# Sun Glasses



## mlp (Feb 20, 2009)

I'm in the market for a new pair of shades and was wondering if anyone has or has had a pair of Costa Del Mar shades? I've had the H2optix and really liked them but wanted to try something else. 

Any good or bad info will be helpful, 

Thanks


----------



## Captain Mike D (Jan 1, 2006)

Costa is a great brand for someone who appreciates quality. The new 580's cut glare to zero for my old eyes. Colored lenses depend on what you are using them for---- Dark Amber works well for redfish on the flats but suck if you are running a dog at a piece of orange ribbon tied to a limb at a couple of hundred yards. The amber makes the orange blend into the greens. The same color is all that I would use driving through an afternoon Thundershower, you will still be able to see when others are pulled off to the side of the road.

Gray is all pupose and is preferred by the deep water anglers who want to see that lit up Marlin or Sail in near the surface over the blue waters. Orange shows up much better with that lense color as well.

Their customer sevice is great.


----------



## mlp (Feb 20, 2009)

Captain Mike D said:


> Their customer sevice is great.



This was my main concern, a guy at work said that their service wasn't any good but thats all i've heard that was bad.


----------



## Brian Courser (Feb 10, 2010)

I like my Ray Bans personally only problem is tha tI need to take better care of them so I don't to buy a new pair every other year or so


----------



## Captain Mike D (Jan 1, 2006)

Brother I don't know anything more to tell you, I'm in their office and plant every month or so (to design new office space casework)and use their products, Costa and Native Eyeware, but if I have a problem I have to follow the normal procedure with customer service and they have always treated me right


----------



## Steve Hester (Apr 14, 2005)

I like the Mau Jims the best. The lense clarity is second to none.


----------



## Brian Cockfield (Jun 4, 2003)

Costa Del Mar all the way.


----------



## Angie B (Sep 30, 2003)

I like my Natives.

Angie


----------



## badbullgator (Dec 20, 2004)

mlp said:


> This was my main concern, a guy at work said that their service wasn't any good but thats all i've heard that was bad.


I disagree.

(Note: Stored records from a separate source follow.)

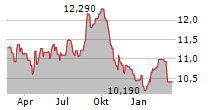 HUFVUDSTADEN AB Chart 1 Jahr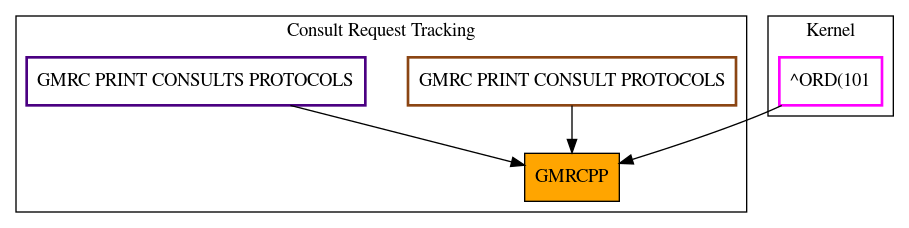 Caller Graph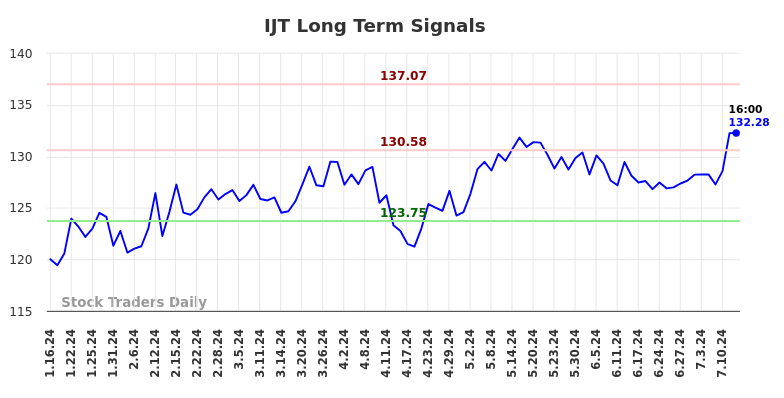 IJT Long Term Analysis for July 12 2024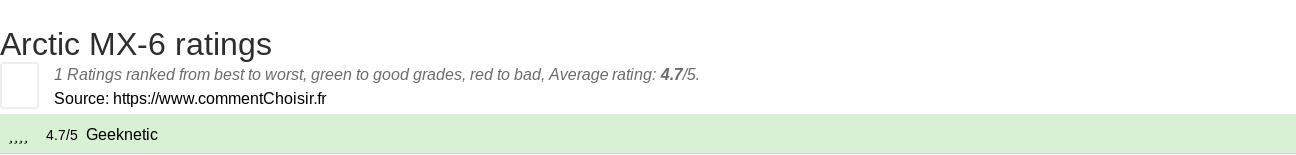 Ratings Arctic MX-6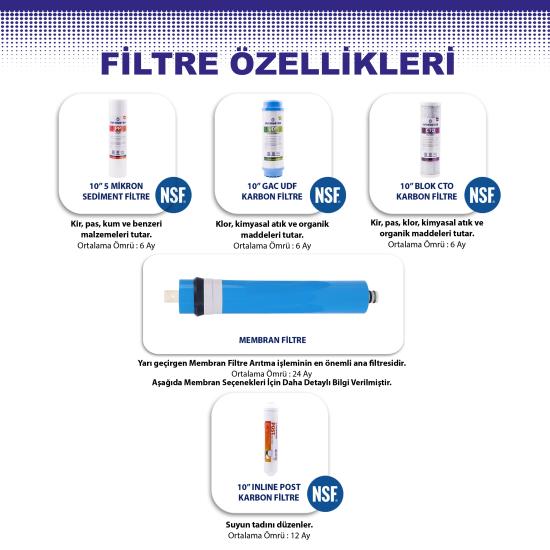 VONTRON Membran - 12 Lt. Metal (Çelik Tank) - Lüks Musluk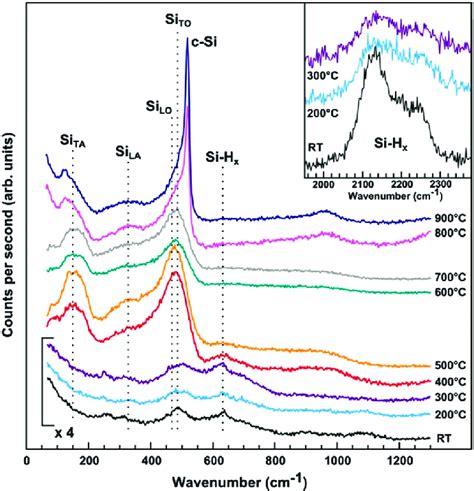 Raman Spectra Of Silicon Thin Films Annealed At Different Temperatures
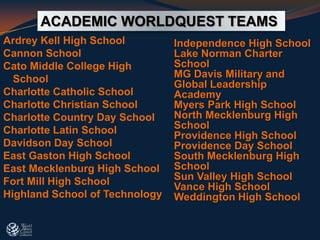 Ardrey Kell High School
Cannon School
Cato Middle College High
School
Charlotte Catholic School
Charlotte Christian School
Charlotte Country Day School
Charlotte Latin School
Davidson Day School
East Gaston High School
East Mecklenburg High School
Fort Mill High School
Highland School of Technology
Independence High School
Lake Norman Charter
School
MG Davis Military and
Global Leadership
Academy
Myers Park High School
North Mecklenburg High
School
Providence High School
Providence Day School
South Mecklenburg High
School
Sun Valley High School
Vance High School
Weddington High School
ACADEMIC WORLDQUEST TEAMS
 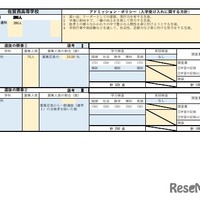 2025年度（令和7年度）県立高等学校入学者選抜における評価基準の概要：佐賀西高等学校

I have worn them for many years and I really do like them, however, their service is what has driven me away from them. While they will fix anything that happens it will cost you. Break a lens and it will cost you about $90 because they claim they cannot replace just one and must change both. They charge you to send them in and then nickel and dime you to death. I have had several pairs that have rubber on the frames going back to your ears. This ALWAYS peels off and you have to return it. They will fix that for free but you have to pay shipping which is not that much but it is a design flaw and not something I should have to spend any money to fix. I have two pairs sitting in a basket right now that need a lens replaced, but why spend $90 to fix it on a pair that is 2 years old when I can spend another $100 or so and get brand new glasses. 
That said, a few years back they had great service. I sent in a couple of pairs to be fixed and received brand new pairs in their place. They have changed in the last 5 years though. 


Oh yeah, they also take FOREVER to repair anything now....

Other than that they are the best sunglasses I have ever worn


----------



## Rick Hall (Jan 21, 2003)

On a related topic, can anyone offer thoughts on lens shape in relation to fogging? I've some "backwater green" Ocean Waves that are absolutely great for marsh hunting, but are bad for fogging when I first put them on after sunrise.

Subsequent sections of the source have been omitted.